Not at All! This is a trinitarian related fraud, possibly created by the founder of the American Board of Missions to the Jews (now known as the Chosen People Ministries), Itsak Leib Jaszovics, alias "Rabbi Leopold Cohn," a saloonkeeper, convicted of forgery in Hungary (For further information see, David Max Eichhorn, Evangelizing the American Jew, Middle Village, New York: Jonathan David Publishers, 1978, pp. 172-174.). The claim that the Zohar's commentary on Deuteronomy 6:4 confirms the Christian doctrine of the Trinity is based on a spurious passage attributed to that volume. It appears in Cohn's tract, Do Christians Worship Three Gods? (pp. 4-5), published by the Chosen People Ministries. On the basis of his forgery, Cohn concluded that "According to the Zohar the Messiah is not only called Jehovah but is a very part of the triune Jehovah" (p. 5). This forgery is also perpetuated in the literature of the Jews for Jesus missionary organization. Using Cohn's spurious passage, Arnold Fruchtenbaum, a born-Jewish Christian missionary, writes:

The Zohar, the great book of Jewish mysticism, recognized the concept of plurality in the Shema and commented as follows: Why is there need of mentioning the name of God three times in the verse?
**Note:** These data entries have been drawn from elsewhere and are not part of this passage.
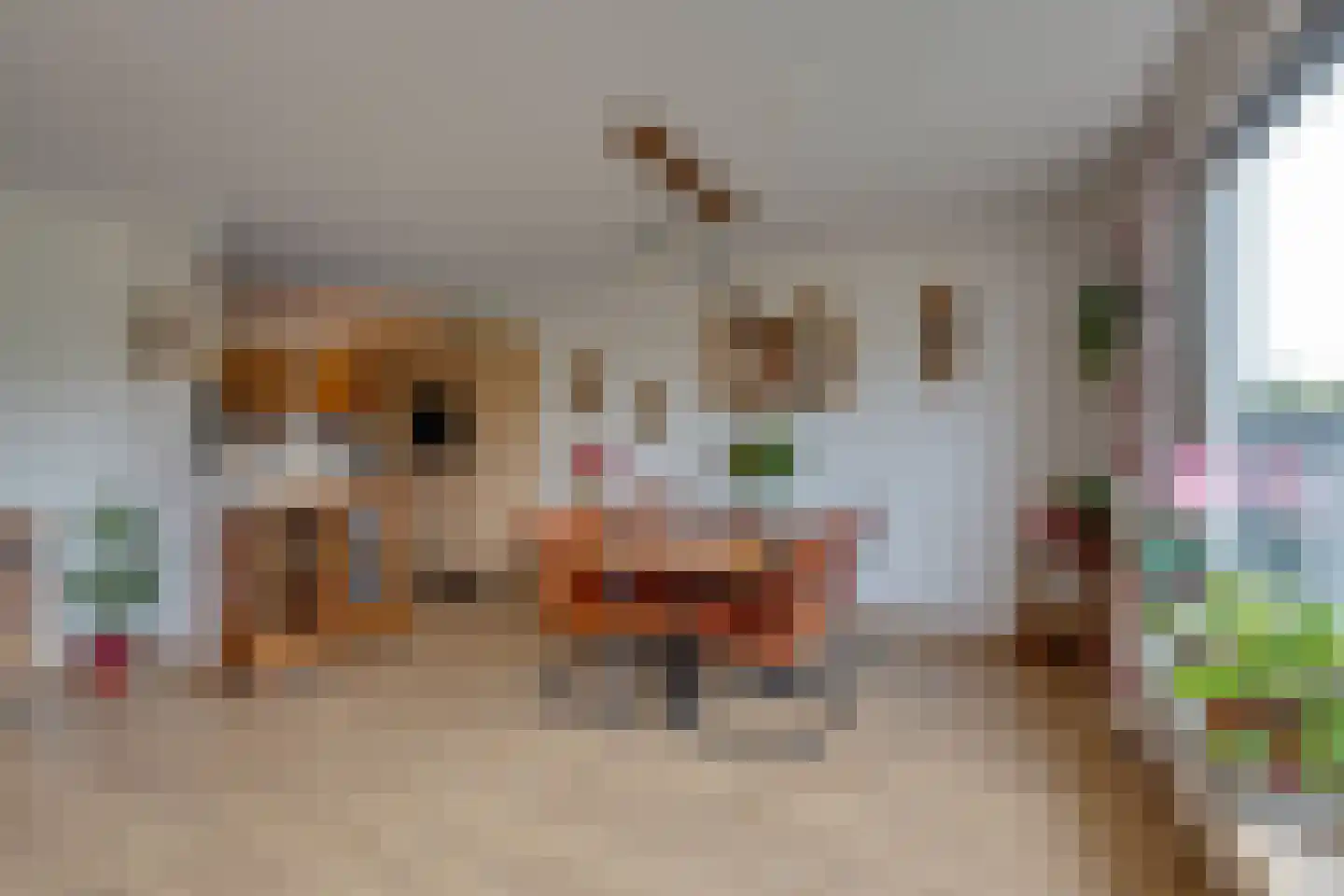 Gooimeer 89 Purmerend thumbnail 18
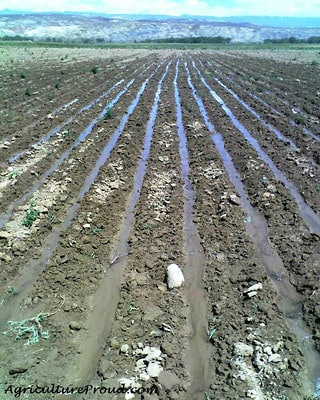 furrows irrigation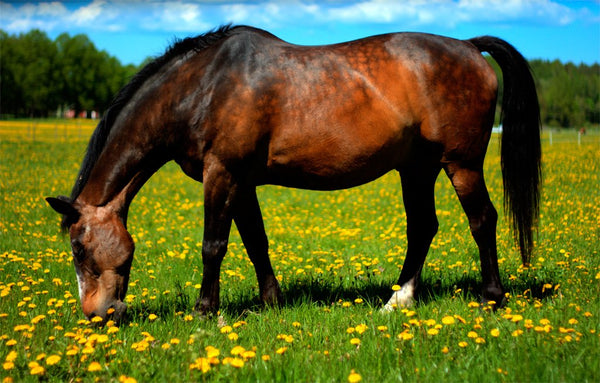 A Laminitis Focus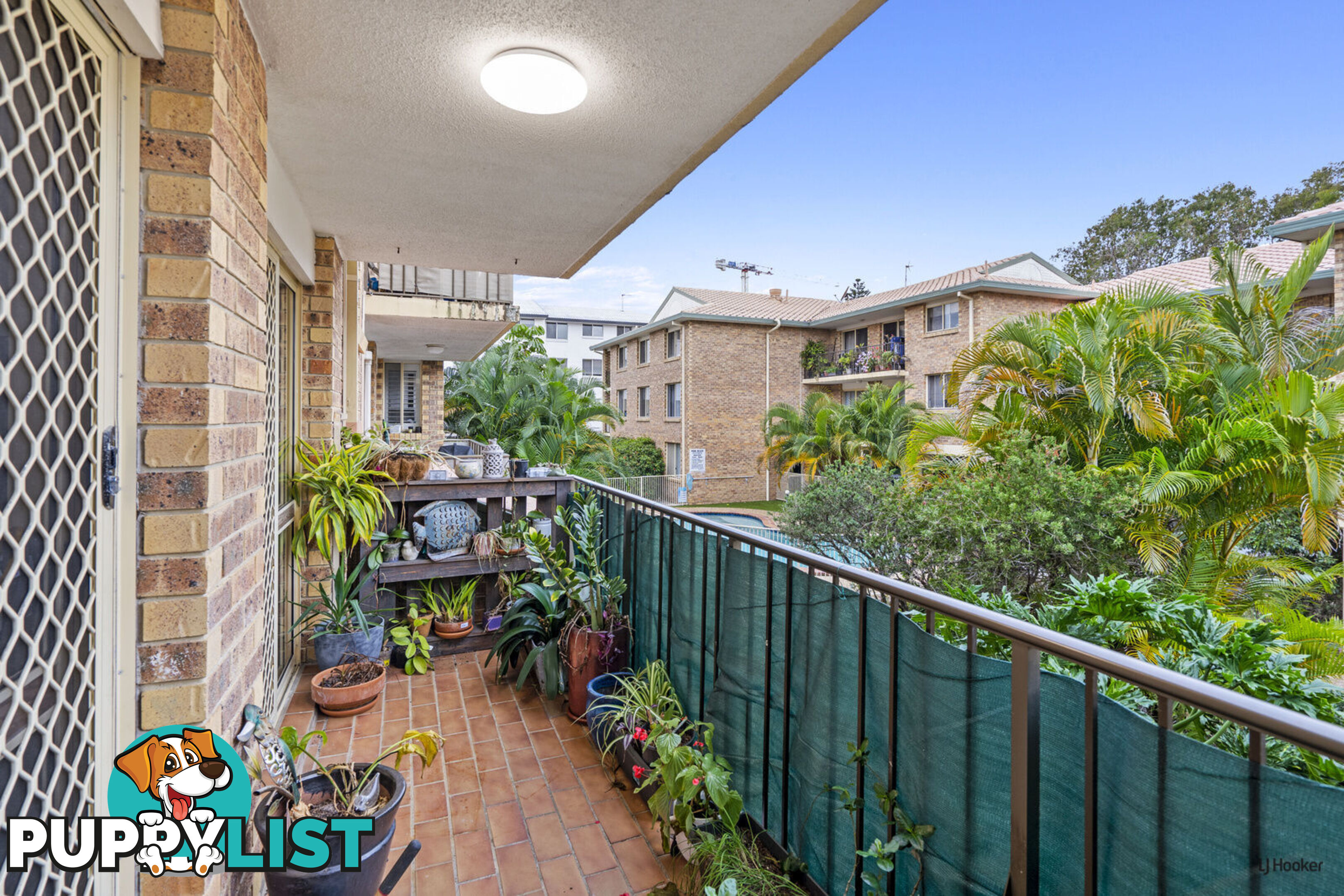 20/1 Rolan Court PALM BEACH QLD 4221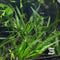 Cryptocoryne balansae Live Aquarium Plant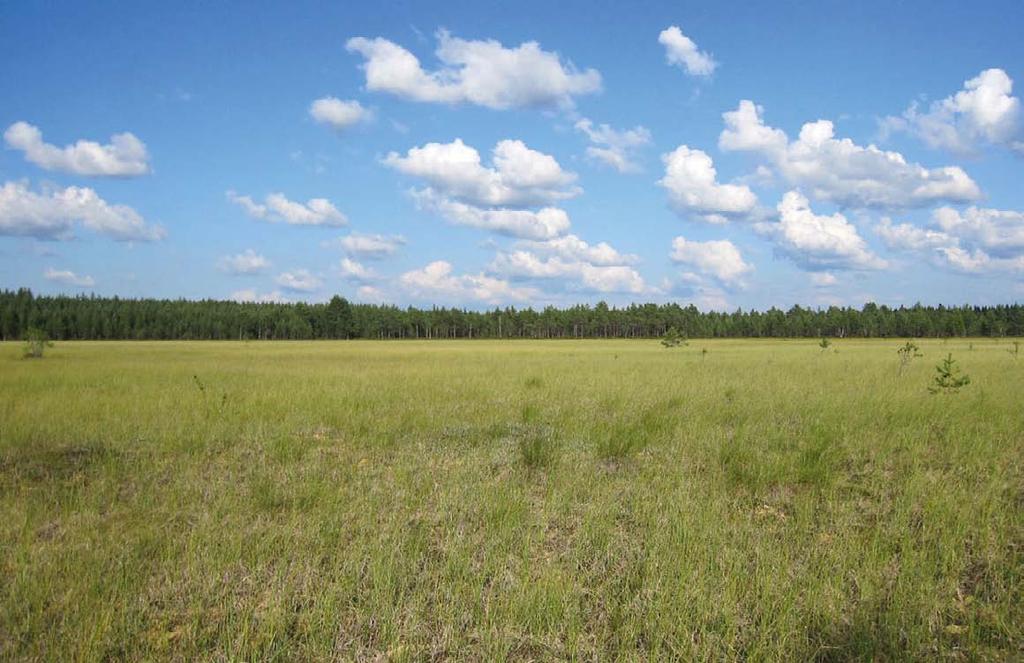 Figur 11 4. Utsikt mot Starrmossens mellersta del, som är i naturtillstånd. 11.4.3 Nuläge Skogarna på projektområdet är huvudsakligen torra och friska moskogar samt torvmoar som används för skogsbruk.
The first is the Father above. The second is the stem of Jesse, the Messiah who is to come from the family of Jesse through David. And the third one is the one which is below (meaning the Holy Spirit who shows us the way) and these three are one. (Arnold Fruchtenbaum, Jewishness and the Trinity, San Francisco: Jews for Jesus, 1978, p. 8. This article was first published in the Jews for Jesus publication Issues: A Jewish Christian Perspective, 1:8, 1978).

Fruchtenbaum quotes faithfully Cohn's fraudulent passage. However, a simple examination of the relevant Zohar commentary on the Shema reveals that no such text exists in the Zohar. It should be noted that many other missionary organizations have quoted Cohn's forgery in their literature.